On peut reprocher au nouveau maire d’avoir brandi le spectre d’une loi spéciale. En campagne électorale, celui-ci ne faisait qu’évoquer la dernière étape d’un processus reconnu. Il est vrai que M. Labeaume a répondu par la bouche de ses canons au président de la Fraternité, Jean Beaudoin , qui accusait la Ville d’avoir réalisé des économies dans l’application du plan de sécurité lors du Coup d’envoi du 400e. Tout de go, le maire avait alors soulevé la possibilité que les policiers syndiqués aient pu se servir de l’événement pour exercer de premiers moyens de pression. Ces propos ont certes jeté de l’huile sur le feu. Il en a remis encore en prévenant fermement les policiers de ne pas se pointer à sa résidence pour faire passer leur message, car «ça va brasser». Malgré le ton employé, le petit côté Napoléon reste populaire dans les quartiers de Québec.

Face à cette bataille de coq, le climat risque de s’envenimer précocement et inutilement. Pour l’heure, le capital de sympathie est l’apanage du maire. Régis Labeaume grâce aux 60 % d’appui populaire qui l’ont porté au pouvoir, grâce à la célérité démontrée pour stopper le programme d’embauche de la fonction publique, pour l’adoption du budget puis du PTI et pour son implication spectaculaire dans le dossier cafouillant du 400e anniversaire de la Ville est actuellement l’homme fort de la Ville.
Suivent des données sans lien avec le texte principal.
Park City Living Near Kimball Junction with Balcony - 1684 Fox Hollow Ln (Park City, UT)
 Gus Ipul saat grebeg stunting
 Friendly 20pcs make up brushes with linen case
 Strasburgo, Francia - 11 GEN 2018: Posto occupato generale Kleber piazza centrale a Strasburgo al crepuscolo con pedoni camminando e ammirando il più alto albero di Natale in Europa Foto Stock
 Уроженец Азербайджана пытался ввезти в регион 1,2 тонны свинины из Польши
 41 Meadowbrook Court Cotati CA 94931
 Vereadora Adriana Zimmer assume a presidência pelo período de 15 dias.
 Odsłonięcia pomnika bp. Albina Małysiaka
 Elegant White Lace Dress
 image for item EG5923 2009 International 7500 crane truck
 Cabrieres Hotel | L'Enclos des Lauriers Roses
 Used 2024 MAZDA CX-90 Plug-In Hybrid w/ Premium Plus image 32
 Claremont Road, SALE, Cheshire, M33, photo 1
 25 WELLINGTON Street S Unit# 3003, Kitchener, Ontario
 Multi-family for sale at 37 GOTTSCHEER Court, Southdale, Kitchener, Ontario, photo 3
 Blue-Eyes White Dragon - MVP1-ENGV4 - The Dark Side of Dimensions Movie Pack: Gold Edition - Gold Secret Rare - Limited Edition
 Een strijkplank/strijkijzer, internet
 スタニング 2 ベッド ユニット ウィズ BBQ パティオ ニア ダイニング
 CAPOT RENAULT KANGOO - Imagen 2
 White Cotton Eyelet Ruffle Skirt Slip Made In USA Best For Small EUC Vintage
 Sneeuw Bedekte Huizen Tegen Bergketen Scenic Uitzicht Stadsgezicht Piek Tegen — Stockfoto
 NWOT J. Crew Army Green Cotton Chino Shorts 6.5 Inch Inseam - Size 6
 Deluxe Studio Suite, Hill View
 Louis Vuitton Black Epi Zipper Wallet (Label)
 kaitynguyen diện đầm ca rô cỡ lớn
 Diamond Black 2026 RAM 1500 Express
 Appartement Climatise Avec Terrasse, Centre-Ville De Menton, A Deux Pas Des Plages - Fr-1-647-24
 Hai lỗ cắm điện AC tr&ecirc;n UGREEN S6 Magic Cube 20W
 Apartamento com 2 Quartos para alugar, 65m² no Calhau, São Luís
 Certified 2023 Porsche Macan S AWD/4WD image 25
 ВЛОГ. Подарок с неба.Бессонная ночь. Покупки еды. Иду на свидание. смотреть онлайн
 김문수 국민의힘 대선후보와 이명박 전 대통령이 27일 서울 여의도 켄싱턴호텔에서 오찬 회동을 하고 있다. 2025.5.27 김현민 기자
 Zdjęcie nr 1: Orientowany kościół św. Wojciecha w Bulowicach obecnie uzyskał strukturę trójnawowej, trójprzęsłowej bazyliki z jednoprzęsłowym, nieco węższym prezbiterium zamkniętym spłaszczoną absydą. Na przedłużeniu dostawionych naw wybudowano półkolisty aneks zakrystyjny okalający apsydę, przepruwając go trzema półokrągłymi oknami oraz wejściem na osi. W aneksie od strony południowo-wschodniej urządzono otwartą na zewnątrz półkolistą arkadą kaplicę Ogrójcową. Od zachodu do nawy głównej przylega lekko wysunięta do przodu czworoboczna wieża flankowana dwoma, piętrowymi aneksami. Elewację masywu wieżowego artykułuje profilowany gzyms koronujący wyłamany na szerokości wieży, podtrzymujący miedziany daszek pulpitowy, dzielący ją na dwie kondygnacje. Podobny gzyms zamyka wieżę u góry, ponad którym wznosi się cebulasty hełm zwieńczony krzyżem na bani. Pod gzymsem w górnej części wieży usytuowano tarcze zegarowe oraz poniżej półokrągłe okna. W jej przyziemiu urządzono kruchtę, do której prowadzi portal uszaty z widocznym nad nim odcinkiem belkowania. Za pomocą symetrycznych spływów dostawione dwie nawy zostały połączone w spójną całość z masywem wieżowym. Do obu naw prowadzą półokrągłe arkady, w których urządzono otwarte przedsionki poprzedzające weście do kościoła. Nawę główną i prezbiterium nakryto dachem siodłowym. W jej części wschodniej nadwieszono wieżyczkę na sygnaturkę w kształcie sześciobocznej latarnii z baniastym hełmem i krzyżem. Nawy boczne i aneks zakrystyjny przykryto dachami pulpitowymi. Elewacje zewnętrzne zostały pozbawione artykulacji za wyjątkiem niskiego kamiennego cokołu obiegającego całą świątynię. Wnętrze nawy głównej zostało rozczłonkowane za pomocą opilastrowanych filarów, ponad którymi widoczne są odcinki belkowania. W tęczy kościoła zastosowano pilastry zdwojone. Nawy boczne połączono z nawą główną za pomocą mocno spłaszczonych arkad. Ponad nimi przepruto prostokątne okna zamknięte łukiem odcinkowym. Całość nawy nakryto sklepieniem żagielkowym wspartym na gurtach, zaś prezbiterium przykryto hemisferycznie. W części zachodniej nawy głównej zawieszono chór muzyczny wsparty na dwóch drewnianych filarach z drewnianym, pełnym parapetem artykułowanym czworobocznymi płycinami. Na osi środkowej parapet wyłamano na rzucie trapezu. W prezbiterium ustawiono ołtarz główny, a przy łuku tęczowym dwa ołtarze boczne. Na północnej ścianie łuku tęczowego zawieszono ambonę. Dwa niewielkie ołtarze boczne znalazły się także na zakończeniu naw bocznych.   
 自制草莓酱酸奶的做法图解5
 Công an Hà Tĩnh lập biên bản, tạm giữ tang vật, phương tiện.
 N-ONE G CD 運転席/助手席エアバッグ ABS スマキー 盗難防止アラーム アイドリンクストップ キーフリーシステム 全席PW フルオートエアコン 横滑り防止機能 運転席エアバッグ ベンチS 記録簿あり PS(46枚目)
Fort à parier que si une élection avait lieu maintenant, M. Labeaume l’emporterait avec une majorité encore plus forte que celle du 2 décembre dernier.

Au niveau du rapport de force, le maire a donc l’avantage sur le syndicat des policiers. Il sera difficile à la Fraternité et à son président de modifier la donne. Absolument pas en s’amusant et en consacrant des énergies à fouiller les déclarations antérieures de son vis-à-vis concernant le dossier de la prostitution juvénile à Québec. Une tactique qui révèle une mauvaise foi évidente. À moins d’un changement d’attitude de la part des chefs syndicaux ou d’une gaffe magistrale d’un Régis Labeaume trop impétueux, l’appui de la population continuera à pencher en faveur du nouvel élu. À lui de garder le contrôle et de se méfier de ses déclarations incendiaires.